La scelta fu premiata da riscontri prevedibili: se sei più pop, otterrai riscontri pop. Da qui triplo platino, nomination per i Grammy Awards, il Doris Day Music Award, arene piene. Perfino i dischi successivi, a livello di visibilità, vivono di rendita: Mustaine è nominato “Riff Lord” nel 2007 da Metal Hammer, vince il Revolver Golden God nel 2009; “Thirteen” vince il Loudwire, "Dystopia" vince il Grammy nel 2017.
Chi saranno nel 2017 i compratori dei dischi dei Megadeth? Dei metallo-dipendenti che, come topi di laboratorio abituati alla cocaina, non desistono neanche dopo migliaia di tentativi a vuoto di premere la leva che un tempo gli apriva la porticina con la dose? Gente che ama dire di ascoltare metal e riempie un massimo del 5% della propria playlist con brani metal suggeriti da Amazon, che poi regolarmente skippa? Ipotetici fan del pop-metal, che io nella realtà quotidiana però non ho mai visto?
Difficile a dirsi. Come alcuni dei dischi che segnano “l'inizio della fine”, anche questo non è necessariamente da criticare, anzi lascia più senza parole che con la gola piena di critiche da reprimere. Esso esprime un grande sforzo ed una discreta padronanza compositiva per riuscire a realizzare con una formazione da thrash ipertecnico un disco sistematicamente, volutamente e elegantemente meno significativo, meno suggestivo e meno corposo. Megadeth light. Dopo "Rust in Peace", fu contemporaneamente un diversivo piacevole e un'amara sorpresa, perché non era un diversivo.

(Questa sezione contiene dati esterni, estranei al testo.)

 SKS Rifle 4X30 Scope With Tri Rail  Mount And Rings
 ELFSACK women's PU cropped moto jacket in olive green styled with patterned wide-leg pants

Fossero esperimenti transitori, questo genere di dischi sarebbero molto più apprezzabili. Invece sono l'inizio della fine, perché sono dettati – e si sente – da una voglia di tagliare i ponti con il metal. Non a caso poi, dopo anni Mustaine deve fare marcia indietro e lo deve annunciare ai quattro venti, scriverselo in fronte, che “torna alle origini”, così tradendo quell'intenzione transfuga del 1992.
Un titolo che fu quindi profetico: il conto alla rovescia per l'estinzione. "Skin of My Teeth"..."Symphony of Destruction"..."Architecture of Aggression"... e così via in discesa (non qualitativa, ma emotiva) fino ad "Ashes in Your Mouth". Seguirà una non-morte, poi una resurrezione mancata (solo a Cristo riuscì...) e infine una distopia: ad esser precisi un parziale ritorno alle origini che ormai si fa anche fatica a ricordare, tanto è il tempo speso per starne lontani.
Ma la distopia è quando torni al bar dagli amici che non hai più degnato di una telefonata e dopo anni chiedi “il solito”. Te lo danno, ha anche un sapore simile e le facce sono quelle, al netto dell'invecchiamento. Ma poi dopo i primi convenevoli ti guardi intorno come dire “Che cazzo c'entro qui?”.